YOUR INSTRUCTIONS:
Reproduce exactly the lines below, from the first through the one containing "Gucci Black GG", and nothing more.

Content starts

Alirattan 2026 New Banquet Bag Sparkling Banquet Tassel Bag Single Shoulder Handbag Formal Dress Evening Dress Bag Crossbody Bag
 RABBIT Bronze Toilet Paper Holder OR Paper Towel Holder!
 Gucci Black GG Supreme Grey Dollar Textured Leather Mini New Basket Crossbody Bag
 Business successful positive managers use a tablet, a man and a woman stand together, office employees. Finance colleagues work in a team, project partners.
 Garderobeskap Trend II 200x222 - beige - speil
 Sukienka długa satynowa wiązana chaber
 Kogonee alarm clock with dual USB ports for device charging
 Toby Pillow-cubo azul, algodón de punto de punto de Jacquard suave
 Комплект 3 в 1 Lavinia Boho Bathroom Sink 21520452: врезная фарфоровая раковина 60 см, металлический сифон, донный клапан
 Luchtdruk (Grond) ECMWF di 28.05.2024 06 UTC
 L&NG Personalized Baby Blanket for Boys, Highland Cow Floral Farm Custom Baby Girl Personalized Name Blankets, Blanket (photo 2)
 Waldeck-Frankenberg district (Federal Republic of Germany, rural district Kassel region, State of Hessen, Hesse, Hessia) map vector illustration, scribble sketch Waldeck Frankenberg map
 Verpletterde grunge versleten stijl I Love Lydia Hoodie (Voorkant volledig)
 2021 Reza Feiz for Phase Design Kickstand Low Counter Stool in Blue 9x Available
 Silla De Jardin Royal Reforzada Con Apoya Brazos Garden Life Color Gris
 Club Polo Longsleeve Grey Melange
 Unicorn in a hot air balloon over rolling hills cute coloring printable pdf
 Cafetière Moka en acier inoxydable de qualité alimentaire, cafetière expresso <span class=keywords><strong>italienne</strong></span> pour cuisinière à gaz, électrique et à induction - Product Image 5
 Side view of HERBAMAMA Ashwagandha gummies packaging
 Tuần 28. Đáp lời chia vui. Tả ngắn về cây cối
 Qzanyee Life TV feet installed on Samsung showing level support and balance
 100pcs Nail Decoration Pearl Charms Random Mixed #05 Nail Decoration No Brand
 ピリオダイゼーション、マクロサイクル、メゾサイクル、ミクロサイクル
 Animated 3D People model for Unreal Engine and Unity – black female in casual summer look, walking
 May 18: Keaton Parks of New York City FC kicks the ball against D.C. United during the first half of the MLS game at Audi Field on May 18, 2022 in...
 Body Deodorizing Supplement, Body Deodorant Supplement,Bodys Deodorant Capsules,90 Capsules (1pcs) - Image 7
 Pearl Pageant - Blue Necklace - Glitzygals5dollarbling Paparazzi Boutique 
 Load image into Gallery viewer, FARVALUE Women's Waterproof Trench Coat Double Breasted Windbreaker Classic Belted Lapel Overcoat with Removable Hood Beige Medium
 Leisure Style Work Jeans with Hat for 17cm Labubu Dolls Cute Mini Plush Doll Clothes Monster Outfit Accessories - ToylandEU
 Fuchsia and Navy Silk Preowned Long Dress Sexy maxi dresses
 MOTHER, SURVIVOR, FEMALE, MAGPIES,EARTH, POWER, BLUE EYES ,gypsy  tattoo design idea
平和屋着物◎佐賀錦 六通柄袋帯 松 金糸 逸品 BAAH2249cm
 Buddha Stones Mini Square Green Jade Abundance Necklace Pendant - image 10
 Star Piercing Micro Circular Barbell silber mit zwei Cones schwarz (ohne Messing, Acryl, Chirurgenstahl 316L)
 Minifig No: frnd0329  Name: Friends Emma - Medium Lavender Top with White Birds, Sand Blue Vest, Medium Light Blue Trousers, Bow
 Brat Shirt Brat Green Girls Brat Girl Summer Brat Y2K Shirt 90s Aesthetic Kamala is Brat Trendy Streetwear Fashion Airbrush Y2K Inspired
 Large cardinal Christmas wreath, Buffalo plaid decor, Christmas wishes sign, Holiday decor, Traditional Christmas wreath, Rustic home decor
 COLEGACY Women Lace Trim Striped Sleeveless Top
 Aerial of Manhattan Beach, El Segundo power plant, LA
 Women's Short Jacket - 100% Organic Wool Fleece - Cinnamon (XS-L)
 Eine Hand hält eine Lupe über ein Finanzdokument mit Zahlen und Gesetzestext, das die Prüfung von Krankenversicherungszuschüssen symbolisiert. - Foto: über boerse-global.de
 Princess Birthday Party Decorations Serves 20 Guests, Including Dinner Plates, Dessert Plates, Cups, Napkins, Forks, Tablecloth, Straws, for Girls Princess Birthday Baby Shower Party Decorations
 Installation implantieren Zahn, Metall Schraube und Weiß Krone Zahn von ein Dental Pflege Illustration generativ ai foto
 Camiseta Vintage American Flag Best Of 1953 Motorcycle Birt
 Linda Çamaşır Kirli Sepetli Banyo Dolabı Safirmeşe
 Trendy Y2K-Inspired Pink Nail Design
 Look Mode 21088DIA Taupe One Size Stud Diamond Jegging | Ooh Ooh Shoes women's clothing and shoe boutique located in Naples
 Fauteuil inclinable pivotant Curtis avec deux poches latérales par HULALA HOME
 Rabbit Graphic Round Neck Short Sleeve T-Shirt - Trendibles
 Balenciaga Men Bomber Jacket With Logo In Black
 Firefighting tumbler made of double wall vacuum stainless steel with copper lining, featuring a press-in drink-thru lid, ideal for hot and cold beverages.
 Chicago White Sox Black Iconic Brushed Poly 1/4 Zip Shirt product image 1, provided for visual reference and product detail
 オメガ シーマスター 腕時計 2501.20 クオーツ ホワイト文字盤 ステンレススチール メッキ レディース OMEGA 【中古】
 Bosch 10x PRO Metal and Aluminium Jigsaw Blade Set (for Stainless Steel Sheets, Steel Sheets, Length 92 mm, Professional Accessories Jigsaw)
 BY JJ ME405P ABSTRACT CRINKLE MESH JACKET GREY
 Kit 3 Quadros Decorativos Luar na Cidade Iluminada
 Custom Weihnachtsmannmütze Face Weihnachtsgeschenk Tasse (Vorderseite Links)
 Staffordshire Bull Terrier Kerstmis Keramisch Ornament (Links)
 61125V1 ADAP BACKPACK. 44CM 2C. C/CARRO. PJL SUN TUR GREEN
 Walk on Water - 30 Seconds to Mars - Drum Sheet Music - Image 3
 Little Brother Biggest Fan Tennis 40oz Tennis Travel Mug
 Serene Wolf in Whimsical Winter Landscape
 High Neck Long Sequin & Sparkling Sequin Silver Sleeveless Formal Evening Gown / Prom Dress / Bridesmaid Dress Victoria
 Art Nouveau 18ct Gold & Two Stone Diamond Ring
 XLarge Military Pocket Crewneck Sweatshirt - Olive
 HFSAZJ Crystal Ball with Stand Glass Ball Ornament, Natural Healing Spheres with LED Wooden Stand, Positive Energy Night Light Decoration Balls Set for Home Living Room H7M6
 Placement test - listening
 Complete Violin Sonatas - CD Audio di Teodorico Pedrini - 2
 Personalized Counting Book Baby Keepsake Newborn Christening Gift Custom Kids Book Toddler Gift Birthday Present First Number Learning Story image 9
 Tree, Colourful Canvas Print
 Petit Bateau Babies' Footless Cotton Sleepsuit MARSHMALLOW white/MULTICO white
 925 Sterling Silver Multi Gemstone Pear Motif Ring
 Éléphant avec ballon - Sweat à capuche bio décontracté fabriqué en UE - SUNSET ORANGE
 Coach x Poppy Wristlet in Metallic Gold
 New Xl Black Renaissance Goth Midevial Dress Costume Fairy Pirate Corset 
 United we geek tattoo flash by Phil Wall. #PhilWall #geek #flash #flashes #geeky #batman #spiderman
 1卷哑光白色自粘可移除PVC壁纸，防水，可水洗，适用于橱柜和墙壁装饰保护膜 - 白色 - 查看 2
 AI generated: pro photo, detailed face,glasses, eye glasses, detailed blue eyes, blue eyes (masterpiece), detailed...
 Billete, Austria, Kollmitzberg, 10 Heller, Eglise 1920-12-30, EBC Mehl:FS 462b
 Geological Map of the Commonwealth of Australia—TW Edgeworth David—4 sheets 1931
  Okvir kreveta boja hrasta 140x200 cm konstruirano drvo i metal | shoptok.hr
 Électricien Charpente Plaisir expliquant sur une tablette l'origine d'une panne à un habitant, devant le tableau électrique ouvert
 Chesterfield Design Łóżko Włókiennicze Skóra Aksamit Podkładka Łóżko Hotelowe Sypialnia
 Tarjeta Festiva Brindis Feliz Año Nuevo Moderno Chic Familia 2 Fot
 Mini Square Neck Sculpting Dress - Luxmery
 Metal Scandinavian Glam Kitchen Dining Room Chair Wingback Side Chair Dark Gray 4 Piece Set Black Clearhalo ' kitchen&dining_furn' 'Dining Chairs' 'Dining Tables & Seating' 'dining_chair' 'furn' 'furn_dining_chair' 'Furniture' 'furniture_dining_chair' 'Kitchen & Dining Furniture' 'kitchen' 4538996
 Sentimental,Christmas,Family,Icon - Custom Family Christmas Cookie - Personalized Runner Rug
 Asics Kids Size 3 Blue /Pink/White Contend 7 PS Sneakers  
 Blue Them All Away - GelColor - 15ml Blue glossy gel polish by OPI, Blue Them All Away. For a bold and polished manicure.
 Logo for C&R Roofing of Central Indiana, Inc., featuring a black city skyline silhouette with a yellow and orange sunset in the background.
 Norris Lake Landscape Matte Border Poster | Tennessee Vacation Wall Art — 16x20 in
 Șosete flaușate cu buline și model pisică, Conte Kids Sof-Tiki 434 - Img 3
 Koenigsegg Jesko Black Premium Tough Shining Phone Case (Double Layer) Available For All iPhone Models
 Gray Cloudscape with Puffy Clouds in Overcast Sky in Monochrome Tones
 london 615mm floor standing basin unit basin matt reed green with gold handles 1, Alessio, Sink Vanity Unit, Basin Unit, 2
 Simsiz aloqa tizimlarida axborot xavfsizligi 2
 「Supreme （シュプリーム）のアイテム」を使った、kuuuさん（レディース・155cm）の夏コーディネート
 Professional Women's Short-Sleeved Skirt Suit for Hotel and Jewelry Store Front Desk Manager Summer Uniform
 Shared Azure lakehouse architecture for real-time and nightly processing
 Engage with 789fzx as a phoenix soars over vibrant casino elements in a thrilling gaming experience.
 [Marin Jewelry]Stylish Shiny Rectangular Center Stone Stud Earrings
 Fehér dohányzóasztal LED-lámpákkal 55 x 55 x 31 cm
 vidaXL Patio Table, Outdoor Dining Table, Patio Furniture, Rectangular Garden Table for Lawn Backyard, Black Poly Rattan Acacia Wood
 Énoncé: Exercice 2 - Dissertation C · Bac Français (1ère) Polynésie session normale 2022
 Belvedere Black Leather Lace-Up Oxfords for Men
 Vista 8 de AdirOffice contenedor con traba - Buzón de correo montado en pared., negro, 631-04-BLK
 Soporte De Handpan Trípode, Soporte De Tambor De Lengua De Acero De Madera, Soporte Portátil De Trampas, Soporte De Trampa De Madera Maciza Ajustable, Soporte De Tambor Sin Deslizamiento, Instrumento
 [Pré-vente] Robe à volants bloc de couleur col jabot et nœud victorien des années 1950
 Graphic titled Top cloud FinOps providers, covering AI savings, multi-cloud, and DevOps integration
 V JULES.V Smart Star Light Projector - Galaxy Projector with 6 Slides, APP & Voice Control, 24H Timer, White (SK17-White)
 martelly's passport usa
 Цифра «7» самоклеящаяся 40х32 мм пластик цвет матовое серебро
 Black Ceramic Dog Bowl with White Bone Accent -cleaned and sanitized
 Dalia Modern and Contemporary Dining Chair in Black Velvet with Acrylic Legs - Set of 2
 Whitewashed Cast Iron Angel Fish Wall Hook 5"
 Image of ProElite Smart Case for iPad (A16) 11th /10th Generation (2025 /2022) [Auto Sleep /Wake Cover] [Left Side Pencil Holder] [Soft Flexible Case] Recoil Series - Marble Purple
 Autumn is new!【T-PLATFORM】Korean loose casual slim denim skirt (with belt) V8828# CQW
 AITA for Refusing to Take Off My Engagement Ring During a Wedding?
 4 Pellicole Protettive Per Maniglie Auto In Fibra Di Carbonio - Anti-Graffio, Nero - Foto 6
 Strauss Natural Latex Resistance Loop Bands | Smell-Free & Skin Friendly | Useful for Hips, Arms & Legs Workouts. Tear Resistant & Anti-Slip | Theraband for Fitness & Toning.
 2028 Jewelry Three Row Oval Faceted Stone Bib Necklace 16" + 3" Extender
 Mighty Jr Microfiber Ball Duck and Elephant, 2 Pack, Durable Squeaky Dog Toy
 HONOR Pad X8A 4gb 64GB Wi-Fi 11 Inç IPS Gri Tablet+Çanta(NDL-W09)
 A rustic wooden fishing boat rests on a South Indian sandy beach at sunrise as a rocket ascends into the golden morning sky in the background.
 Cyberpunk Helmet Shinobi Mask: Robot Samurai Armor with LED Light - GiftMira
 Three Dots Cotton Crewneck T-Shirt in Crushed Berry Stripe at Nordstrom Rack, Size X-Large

Content ends

RESPONSE:
Alirattan 2026 New Banquet Bag Sparkling Banquet Tassel Bag Single Shoulder Handbag Formal Dress Evening Dress Bag Crossbody Bag
 RABBIT Bronze Toilet Paper Holder OR Paper Towel Holder!
 Gucci Black GG Supreme Grey Dollar Textured Leather Mini New Basket Crossbody Bag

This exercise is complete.